Given those risks and uncertainties, prospective investors are cautioned not
to place undue reliance on forward-looking statements.

These forward-looking statements speak only as at the date of this
announcement and cannot be relied upon as a guide to future performance. Each
of the Company and Cavendish expressly disclaims any obligation or
undertaking to update or revise any forward-looking statements contained
herein to reflect actual results or any change in the assumptions, conditions
or circumstances on which any such statements are based unless required to do
so by the Financial Conduct Authority, the London Stock Exchange or applicable
law.

The information in this announcement is for background purposes only and does
not purport to be full or complete. None of Cavendish, or any
of its affiliates, accepts any responsibility or liability whatsoever for,
or makes any representation or warranty, express or implied, as to this
announcement, including the truth, accuracy or completeness of the information
in this announcement (or whether any information has been omitted from the
announcement) or any other information relating to the Company or associated
companies, whether written, oral or in a visual or electronic form, and
howsoever transmitted or made available or for any loss howsoever arising from
any use of the announcement or its contents or otherwise arising in connection
therewith. Each of Cavendish, and its affiliates, accordingly disclaims all
and any liability whether arising in tort, contract or otherwise which it
might otherwise be found to have in respect of this announcement or its
contents or otherwise arising in connection therewith.

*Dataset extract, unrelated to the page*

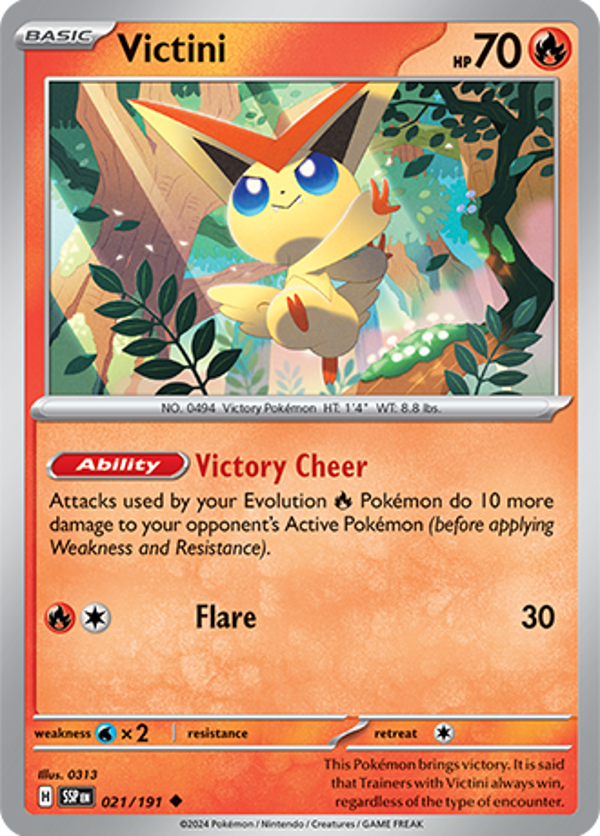 SSP 021/191 Victini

Any indication in this announcement of the price at which the Ordinary Share
have been bought or sold in the past cannot be relied upon as a guide to
future performance. Persons needing advice should consult an independent
financial adviser. No statement in this announcement is intended to be a
profit forecast and no statement in this announcement should be interpreted to
mean that earnings or target dividend per share of the Company for the current
or future financial years would necessarily match or exceed the historical
published earnings or dividends per share of the Company.

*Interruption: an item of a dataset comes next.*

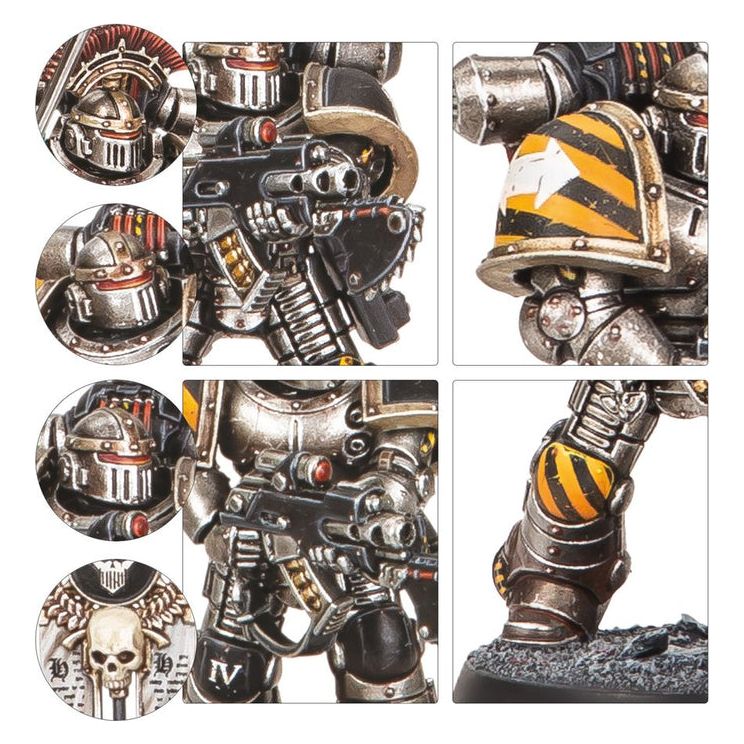 GAMES WORKSHOP Legiones Astartes: MKII Tactical Squad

Neither the content of the Company's website (or any other website) nor the
content of any website accessible from hyperlinks on the Company's website (or
any other website) is incorporated into or forms part of this announcement.
The Retail Offer Shares to be issued or sold pursuant to the Retail Offer will
not be admitted to trading on any stock exchange other than the London Stock
Exchange.

UK Product Governance Requirements

Solely for the purposes of the product governance requirements of Chapter 3 of
the FCA Handbook Product Intervention and Product Governance Sourcebook (the
"UK MiFIR Product Governance Requirements"), and disclaiming all and any
liability, whether arising in tort, contract or otherwise, which any
"manufacturer" (for the purposes of the UK MiFIR Product Governance
Requirements) may otherwise have with respect thereto, the Retail Offer Shares
have been subject to a product approval process, which has determined that the
Retail Offer Shares are: (i) compatible with an end target market of retail
investors and investors who meet the criteria of professional clients and
eligible counterparties, each as defined in paragraphs 3.5 and 3.6 of COBS;
and (ii) eligible for distribution through all permitted distribution channels
(the "Target Market Assessment").

Notwithstanding the Target Market Assessment, distributors should note that:
the price of the Retail Offer Shares may decline and investors could lose all
or part of their investment; the Retail Offer Shares offer no guaranteed
income and no capital protection; and an investment in the Retail Offer Shares
is compatible only with investors who do not need a guaranteed income or
capital protection, who (either alone or in conjunction with an appropriate
financial or other adviser) are capable of evaluating the merits and risks of
such an investment and who have sufficient resources to be able to bear any
losses that may result therefrom. The Target Market Assessment is without
prejudice to any contractual, legal or regulatory selling restrictions in
relation to the Retail Offer.

For the avoidance of doubt, the Target Market Assessment does not constitute:
(a) an assessment of suitability or appropriateness for the purposes of
Chapters 9A or 10A respectively of COBS; or (b) a recommendation to any
investor or group of investors to invest in, or purchase, or take any other
action whatsoever with respect to the Retail Offer Shares. Each distributor is
responsible for undertaking its own target market assessment in respect of the
Retail Offer Shares and determining appropriate distribution channels.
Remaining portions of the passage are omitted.